Start of ENTRIES PROVIDED

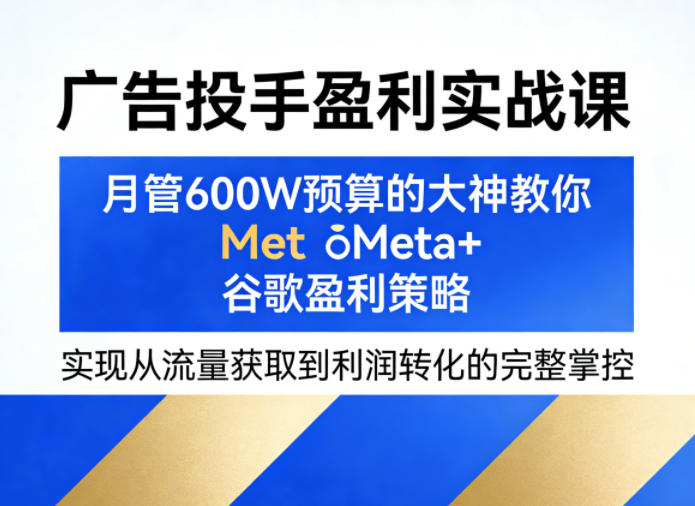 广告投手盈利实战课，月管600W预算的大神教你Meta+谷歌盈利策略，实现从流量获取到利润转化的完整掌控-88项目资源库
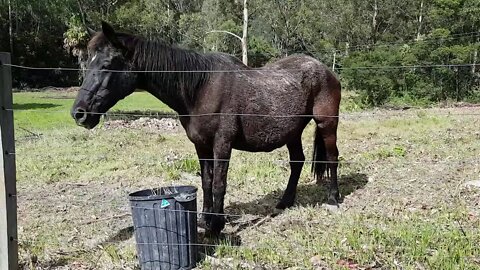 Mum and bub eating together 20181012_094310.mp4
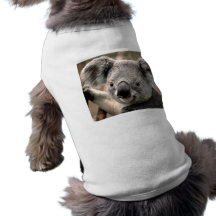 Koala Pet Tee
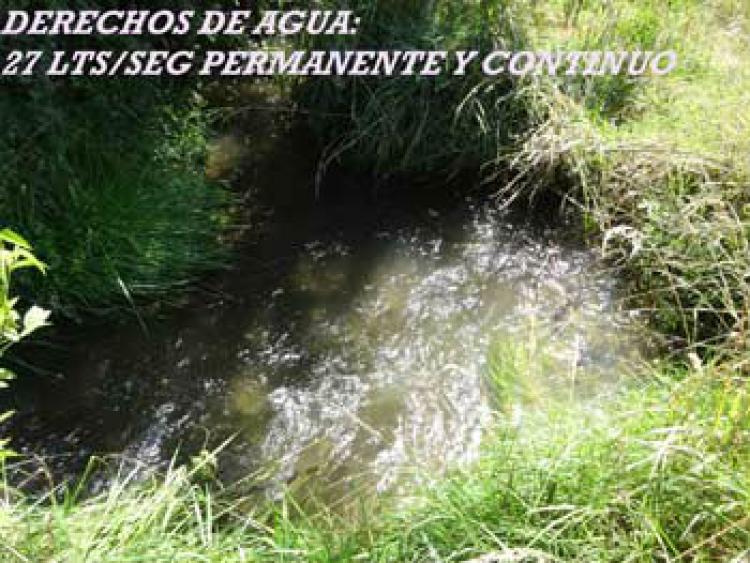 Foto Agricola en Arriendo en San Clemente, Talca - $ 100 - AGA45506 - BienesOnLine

End of ENTRIES PROVIDED
Start of ENTRIES PROVIDED

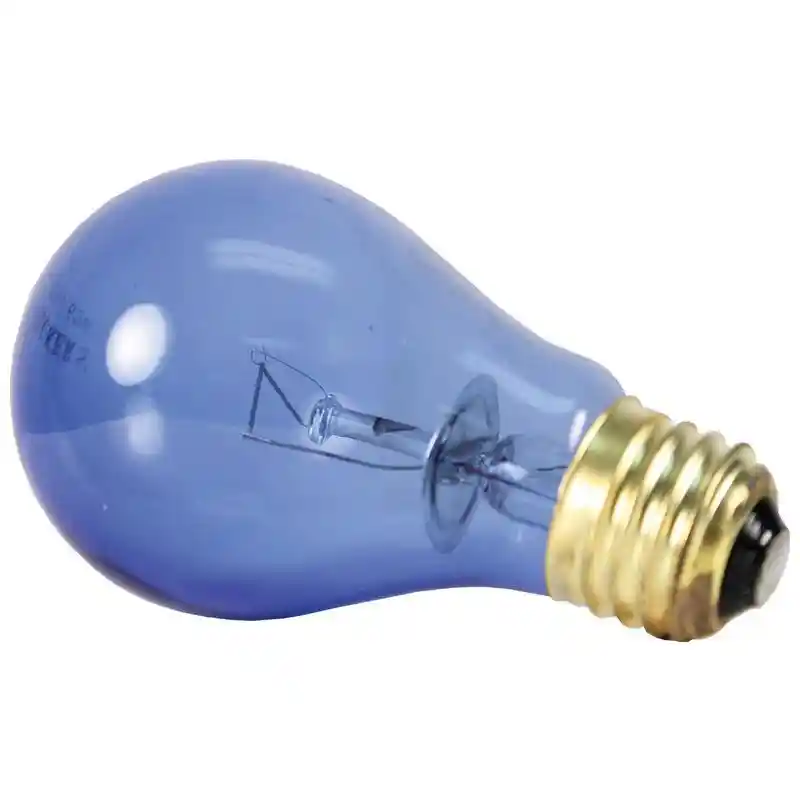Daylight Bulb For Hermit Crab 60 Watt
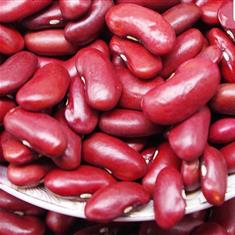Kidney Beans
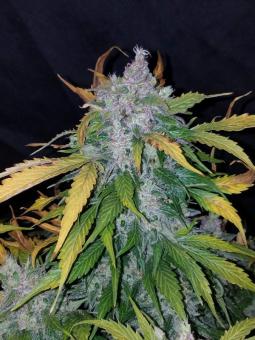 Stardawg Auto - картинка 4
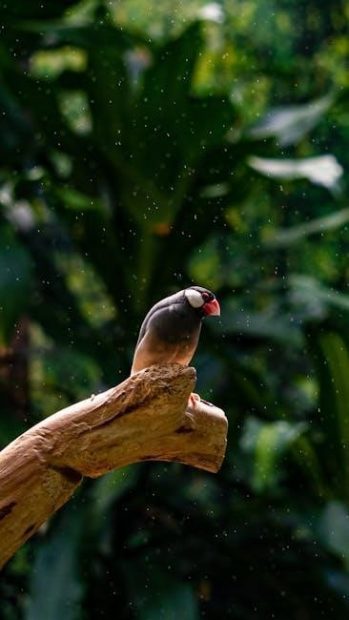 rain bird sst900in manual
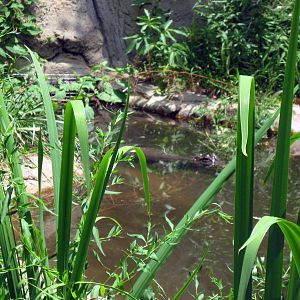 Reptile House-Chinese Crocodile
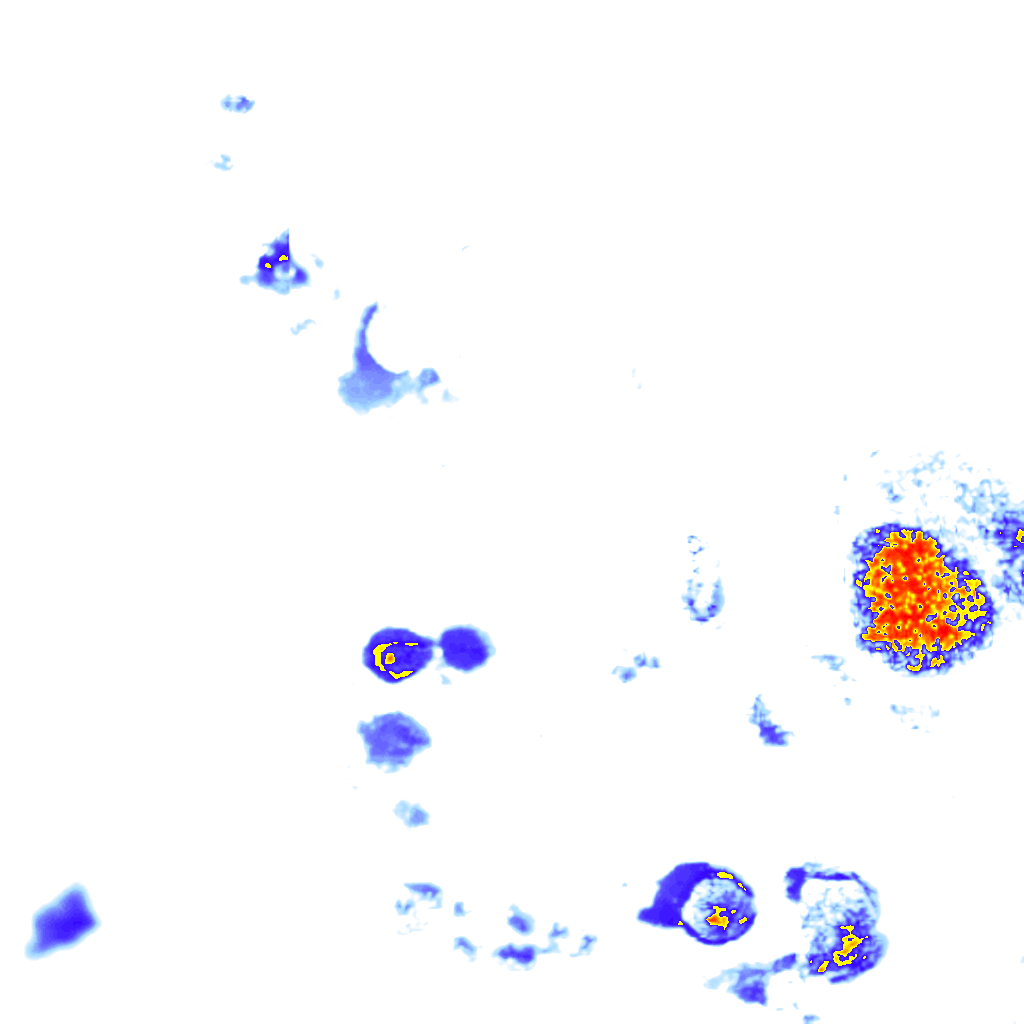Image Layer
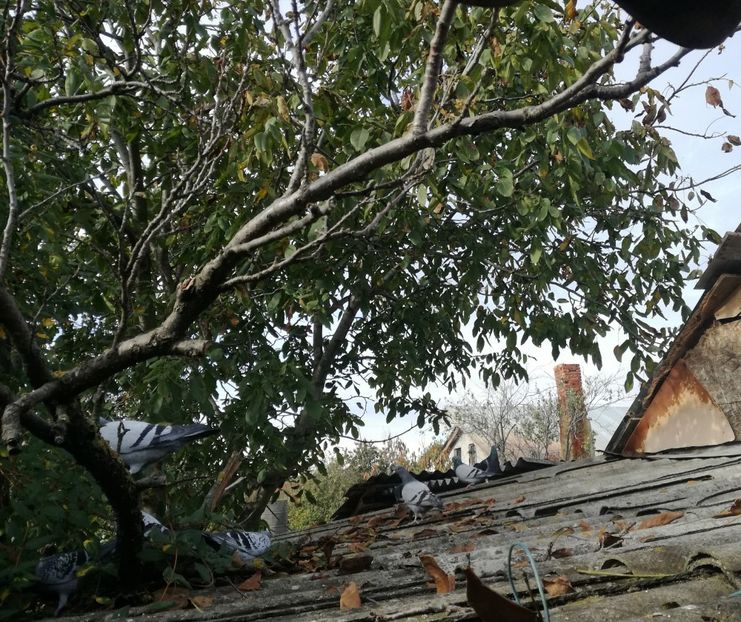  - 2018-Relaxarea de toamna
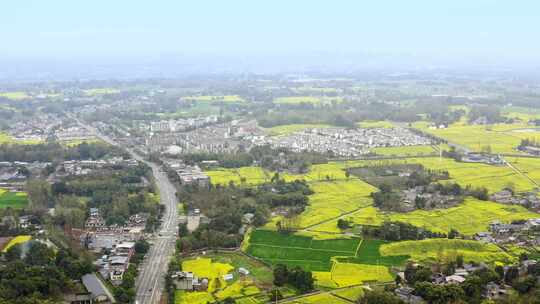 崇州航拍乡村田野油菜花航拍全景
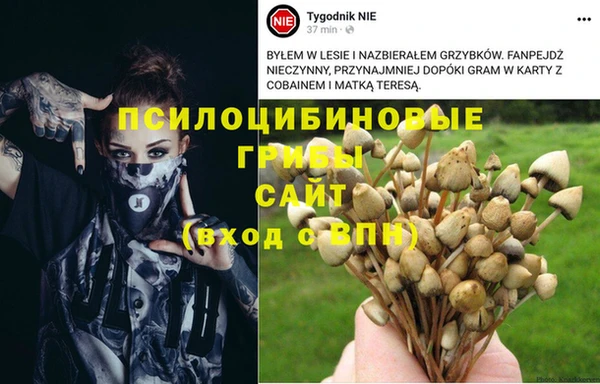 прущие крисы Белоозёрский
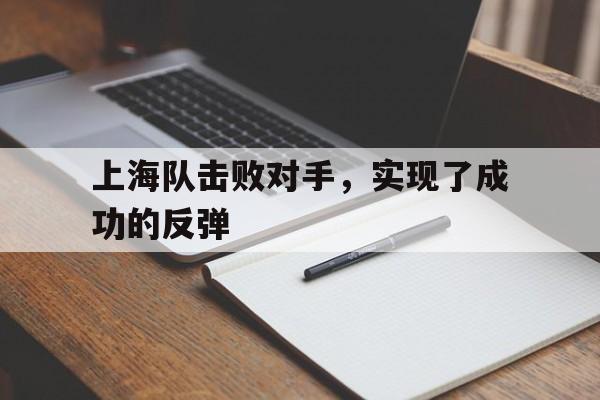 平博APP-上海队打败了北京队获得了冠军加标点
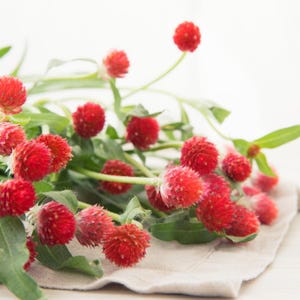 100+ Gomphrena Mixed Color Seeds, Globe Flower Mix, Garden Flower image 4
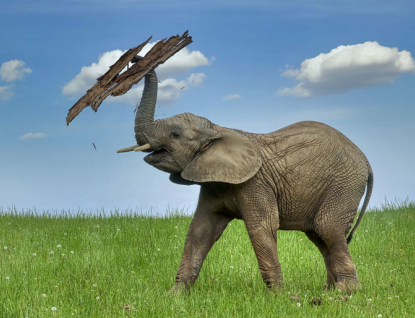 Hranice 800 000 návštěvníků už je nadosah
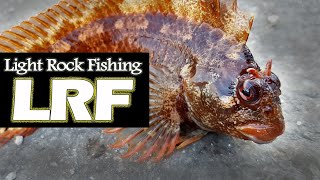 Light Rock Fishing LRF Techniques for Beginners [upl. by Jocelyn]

End of ENTRIES PROVIDED

**YOUR OBJECTIVE**
Extract the part of the records that opens with the line containing "广告投手盈利实战课，月管60" and closes with the line containing "Foto Agricola en". Take only those lines, exactly, and no pictures.

**YOUR RESPONSE**
 广告投手盈利实战课，月管600W预算的大神教你Meta+谷歌盈利策略，实现从流量获取到利润转化的完整掌控-88项目资源库
 Mum and bub eating together 20181012_094310.mp4
 Koala Pet Tee
 Foto Agricola en Arriendo en San Clemente, Talca - $ 100 - AGA45506 - BienesOnLine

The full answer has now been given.